[About this task] Using the records that follow, reproduce exactly the lines starting at the line containing "bathroom with a" and ending at the line containing "Provoking woman with". Include both end lines and no pictures.

□ □ □ □

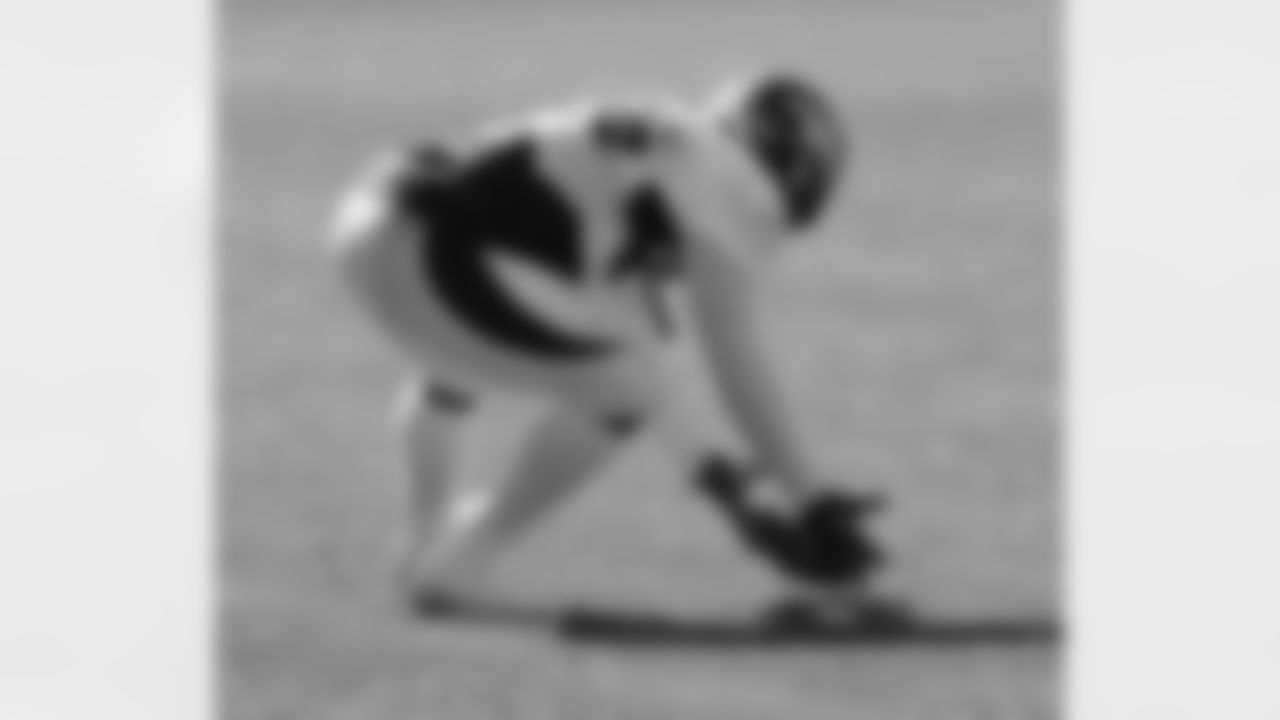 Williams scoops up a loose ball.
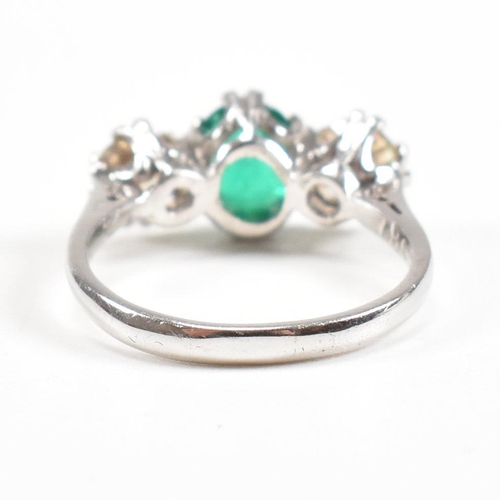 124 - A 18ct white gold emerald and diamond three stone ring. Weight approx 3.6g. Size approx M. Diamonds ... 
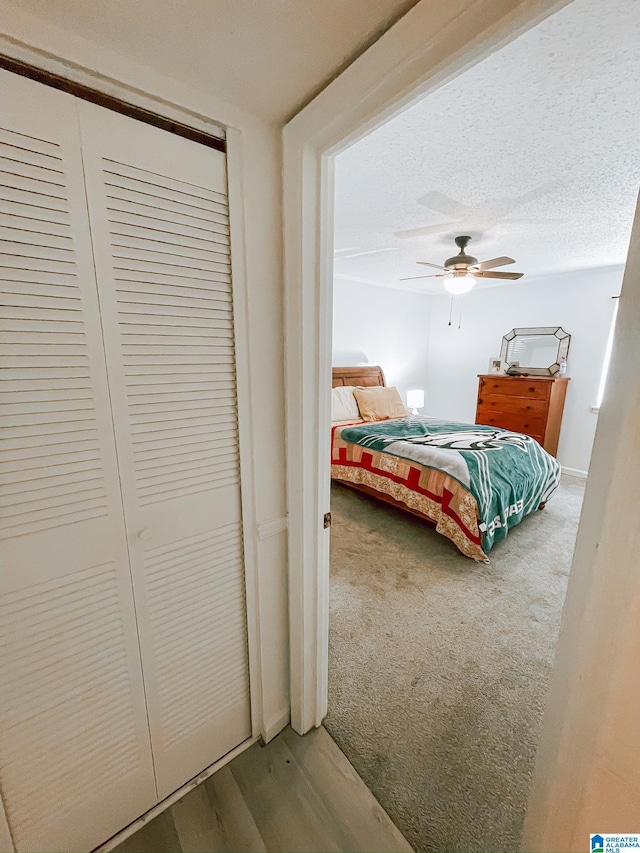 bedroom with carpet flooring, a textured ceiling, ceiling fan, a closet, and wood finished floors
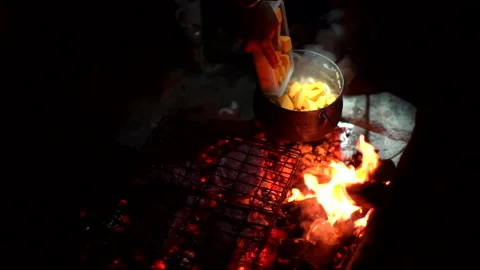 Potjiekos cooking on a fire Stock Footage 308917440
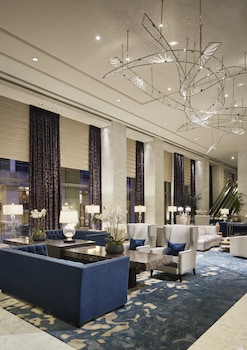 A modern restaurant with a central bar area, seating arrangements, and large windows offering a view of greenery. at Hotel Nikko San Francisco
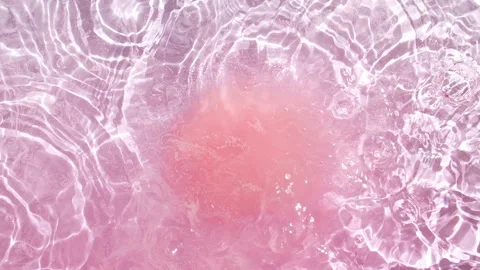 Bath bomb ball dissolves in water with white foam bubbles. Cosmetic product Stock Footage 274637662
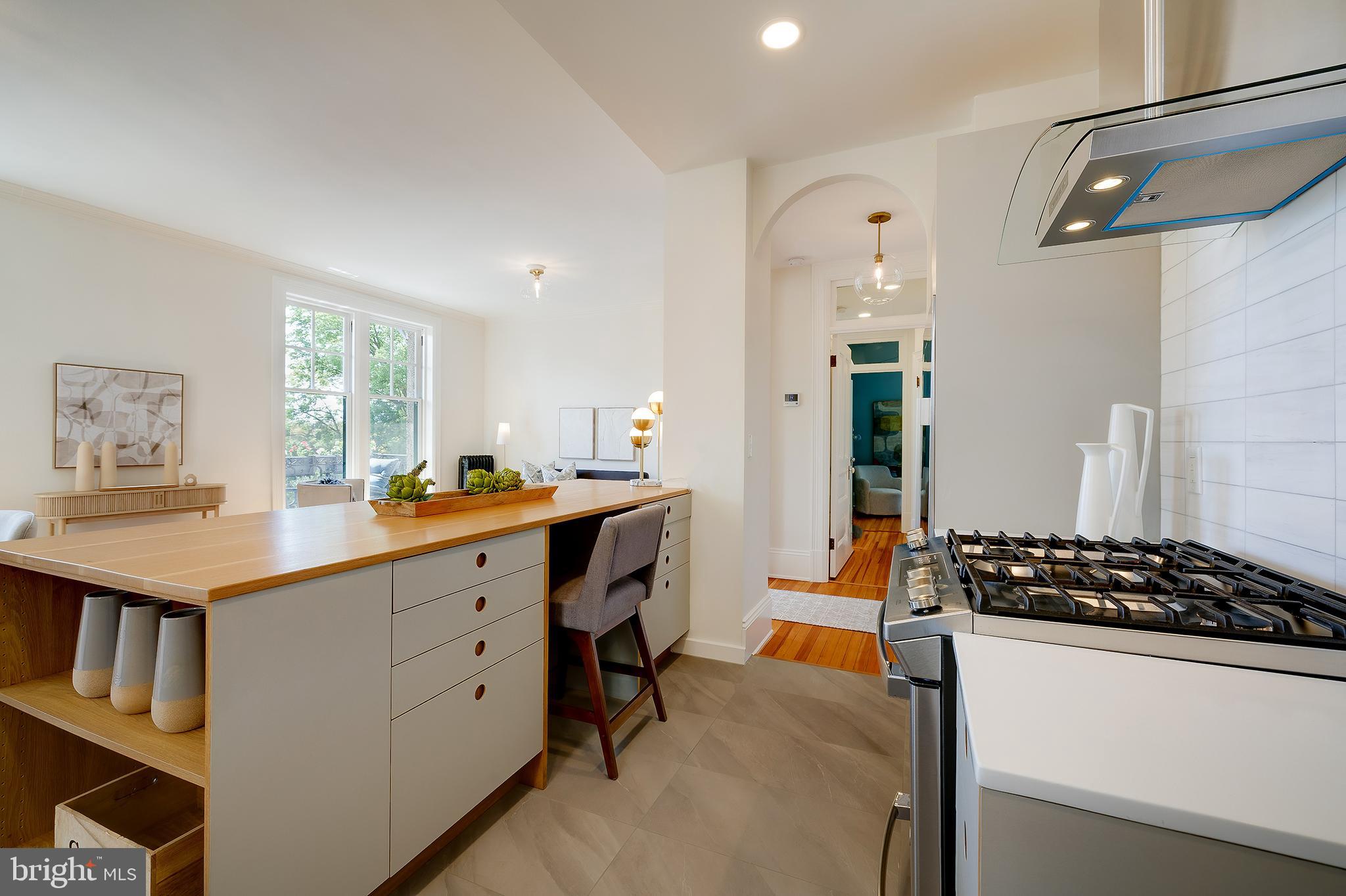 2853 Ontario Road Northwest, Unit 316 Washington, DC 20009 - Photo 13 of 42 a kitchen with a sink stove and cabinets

□ □ □ □

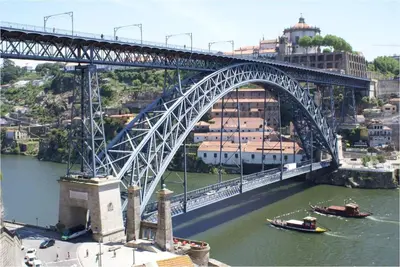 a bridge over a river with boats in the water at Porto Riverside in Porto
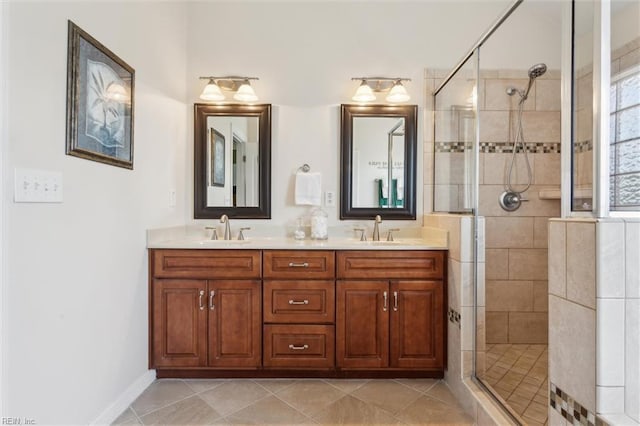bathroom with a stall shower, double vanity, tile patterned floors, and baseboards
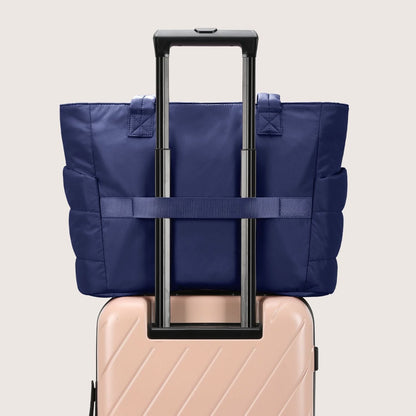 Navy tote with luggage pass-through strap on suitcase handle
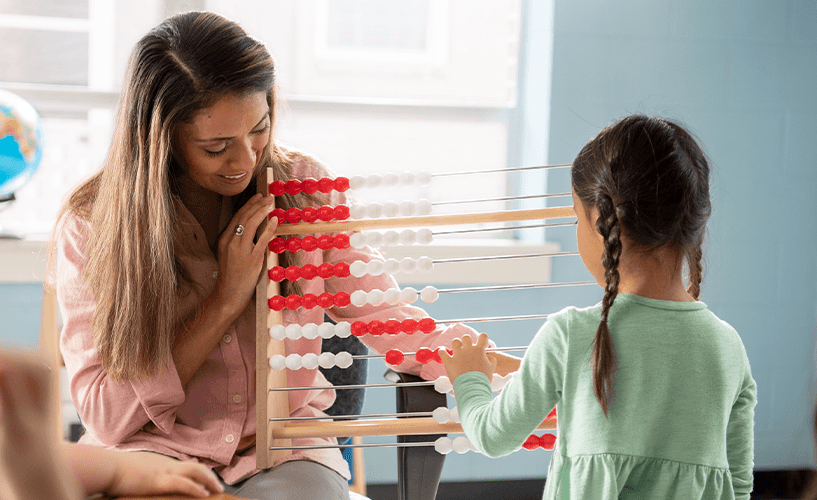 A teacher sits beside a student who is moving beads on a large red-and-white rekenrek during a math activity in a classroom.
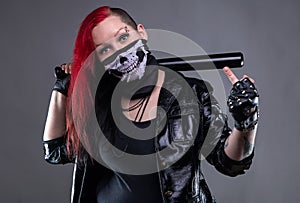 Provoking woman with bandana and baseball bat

□ □ □ □

[Your response]
bathroom with a stall shower, double vanity, tile patterned floors, and baseboards
 Navy tote with luggage pass-through strap on suitcase handle
 A teacher sits beside a student who is moving beads on a large red-and-white rekenrek during a math activity in a classroom.
 Provoking woman with bandana and baseball bat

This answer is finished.